IIT Database Group

Header bar


We teach several courses most of which are related to databases.

CS595 - Modern Big Data Analytics

Big data technologies, in particular, scalable distributed platforms for storage and analytics en- able processing of massive datasets for analytics, machine learning, and other use cases. This course provides a comprehensive overview of algorithms, systems, and techniques for Big Data processing. In a semester-long project, students will extend existing big data platforms. Additionally, in the seminar component of this course we will discuss cutting edge research and industrial developments in the field.

CS116 - Introduction to Object-Oriented Programming II

Continuation of CS 115. Introduces more advanced elements of object-oriented programming – including dynamic data structures, recursion, searching and sorting, and advanced object-oriented programming techniques. For students in CS and CS related degree programs.

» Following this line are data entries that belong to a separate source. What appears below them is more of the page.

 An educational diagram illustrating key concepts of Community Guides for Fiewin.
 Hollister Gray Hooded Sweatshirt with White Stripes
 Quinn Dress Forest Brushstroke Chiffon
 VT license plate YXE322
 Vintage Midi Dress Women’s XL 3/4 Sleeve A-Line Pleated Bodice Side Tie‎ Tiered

CS425 - Database Organization

Databases management systems are a crucial part of most large-scale industry and open-source systems. This course familiarizes students with important concepts of database systems and design. We will learn how to design a database using the Entity-Relationship model, how query and modify a database using the declarative SQL language, and study APIs for writing application programs that use a database system to persist data. Furthermore, the course gives an overview of important database systems concepts such as indexing, query optimization and execution, concurrency control, and recovery.

Students will develop a database application in a group project. This project will cover all phases of development: assessing the application requirements, designing the database schema, and implementing the application.

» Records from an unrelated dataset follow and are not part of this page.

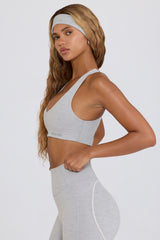Soft Active V-Neck Sports Bra in Grey Marl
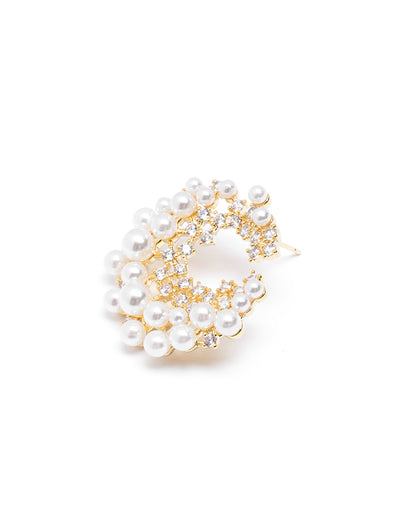 Gold-Plated Pearl &amp; CZ Embellished Bold Hoops Earrings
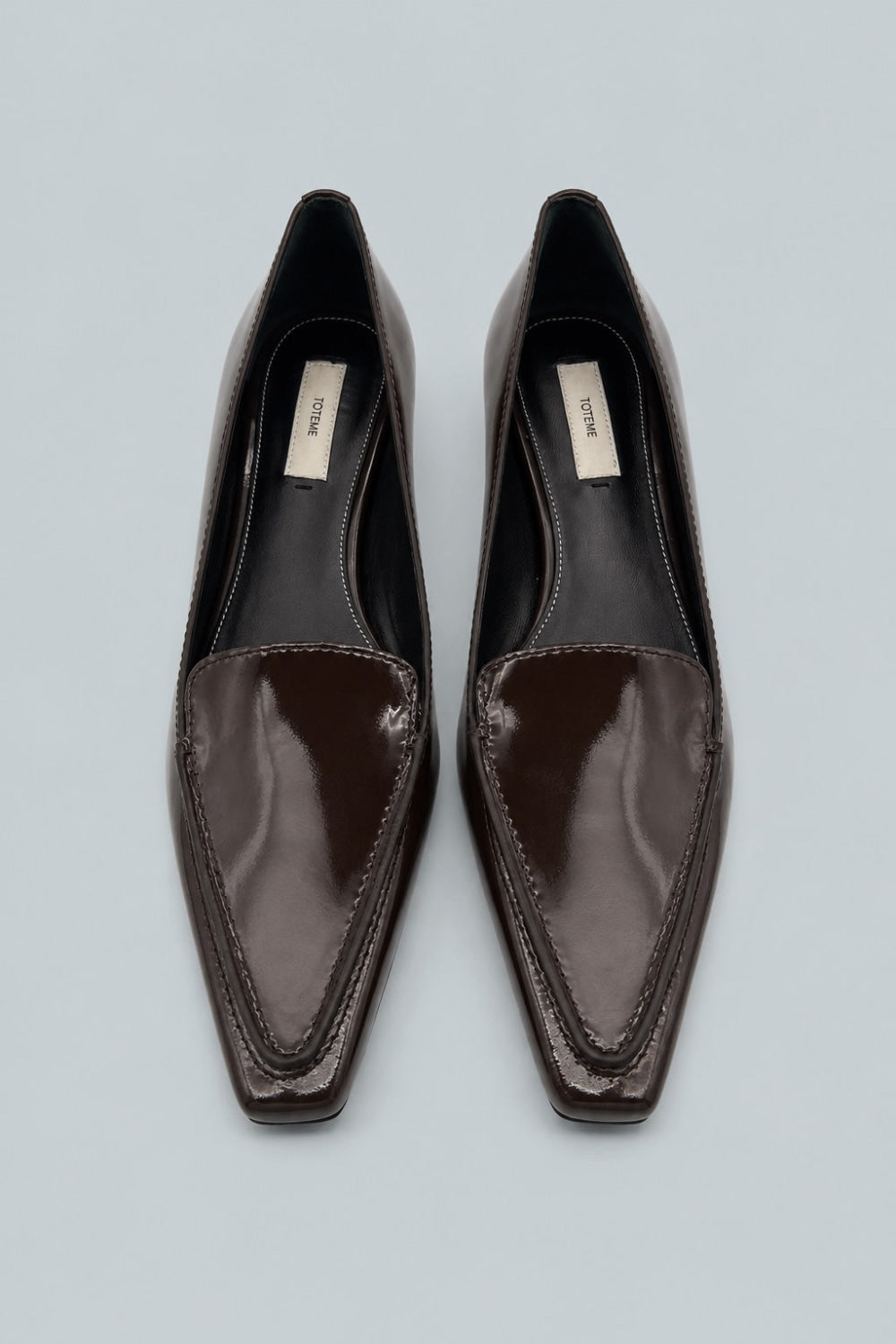Patent Loafer Pumps - Dark Brown - 9 - Loafers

CS520 - Data Integration, Warehousing, and Provenance

This course introduces the basic concepts of data integration, data warehousing, and provenance. We will learn how to resolve structural heterogeneity through schema matching and mapping. The course introduces techniques for querying several heterogeneous datasources at once (data integration) and translating data between databases with different data representations (data exchange). Furthermore, we will cover the data-warehouse paradigm including the Extract-Transform-Load (ETL) process, the data cube model and its relational representations (such as snowflake and star schema), and efficient processing of analytical queries. This will be contrasted with Big Data analytics approaches that (besides other differences) significantly reduce the upfront cost of analytics. When feeding data through complex processing pipelines such as data exchange transformations or ETL workflows, it is easy to loose track of the origin of data. In the last part of the course we therefore cover techniques for representing and keeping track of the origin and creation process of data - aka its provenance.

The course is emphasizing practical skills through a series of homework assignments that help students develop a strong background in data integration systems and techniques. At the same time, it also addresses the underlying formalisms. For example, we will discuss the logic based languages used for schema mapping and the dimensional data model as well as their practical application (e.g., developing an ETL workflow with rapid miner and creating a mapping between two example schemata). The literature reviews will familiarize students with data integration and provenance research.

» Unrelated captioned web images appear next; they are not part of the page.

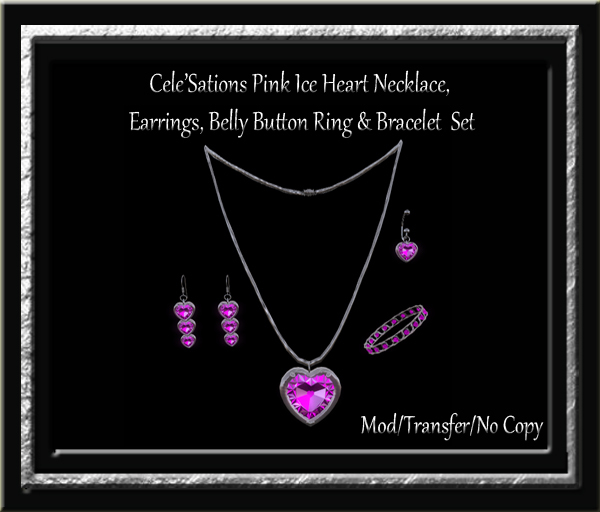 Cele'Sations Pink Ice Heart Jewelry Set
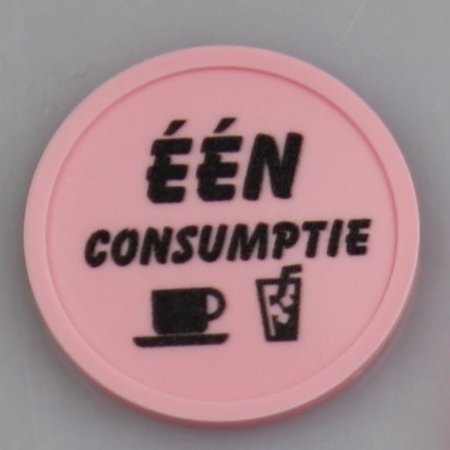 CombiCraft Plastic munten met rand 100 stuks Ø29mm in diverse kleuren met de opdruk "ÉÉN CONSUMPTIE"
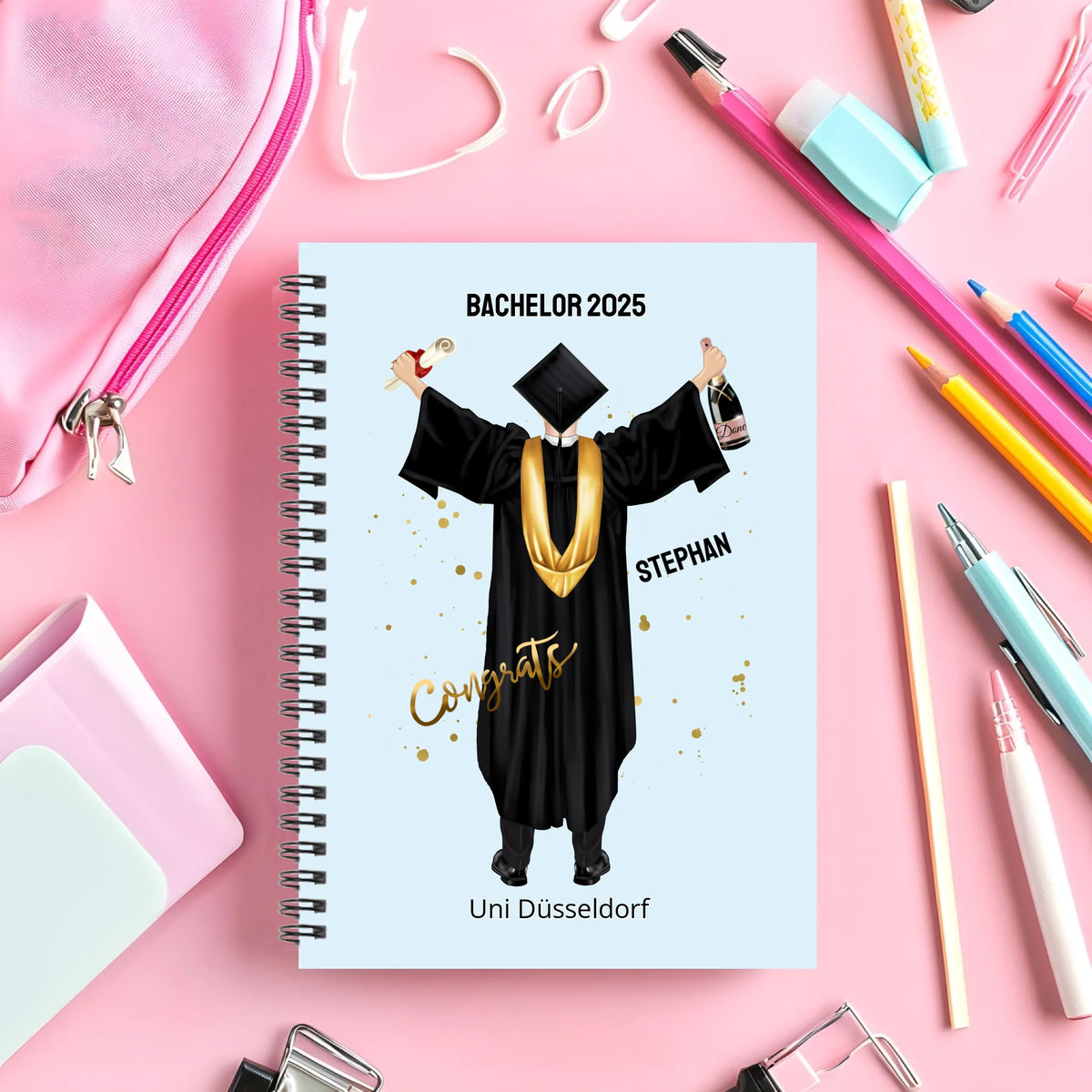 Personalisierter Collegeblock / Notizblock Abschlußgeschenk Abitur, Bachelor, Master oder Doktor mit Namen Mann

CS525 - Advanced Database Organization

Databases management systems are a crucial part of most large-scale industry and open-source systems. This course provides comprehensive coverage of issues associated with database system development and an in-depth examination of structures and techniques used in contemporary database management systems (DBMSs). Students will learn about the inner workings of these exciting systems: Which algorithms are used? What are typical architectures used to build a system as complex as a DBMS? What are implementation strategies? These questions and more will be answered during the course.

The course is highly applied, emphasizing practical skills and habits through a series of programming assignments during which students will develop their own tiny DBMS like engine. We will cover the most important aspects/components of a DBMS: storage and buffer management, indexing, query optimization, query execution, and concurrency control and recovery.

CS595-06 - Hop Topics in Database Systems: Data Provenance

With the ever increasing amount of digital information comes an increasing need to understand "where" an piece of data (data item) is coming from, "why" it is in the result of a data transfor- mation, and "how" it was produced by the transformation. For example, biologists use complex digital workflow and simulations to gain new insights from measurement and derived data. The result data of a complex workflow is meaningless without information of how the data was produced from which input data. This type of information, i.e., information about the creation process and origin of data, is called data provenance. Systems that automatically track provenance information for data produced by e.g., workflows or SQL queries are becoming more and more important. Data provenance is an emerging technology which is used to, e.g., trace errors in transformed data back to its origin or gain additional insights about the data.

We will study several models of provenance developed for domains such as databases and workflow systems. This course covers approaches for automatically tracking provenance, and study query languages and storage mechanism for provenance information. Furthermore, we will discuss real systems that generate provenance data. This course gives the students the opportunity to learn about a hot topic in database research and work with novel research prototype provenance systems.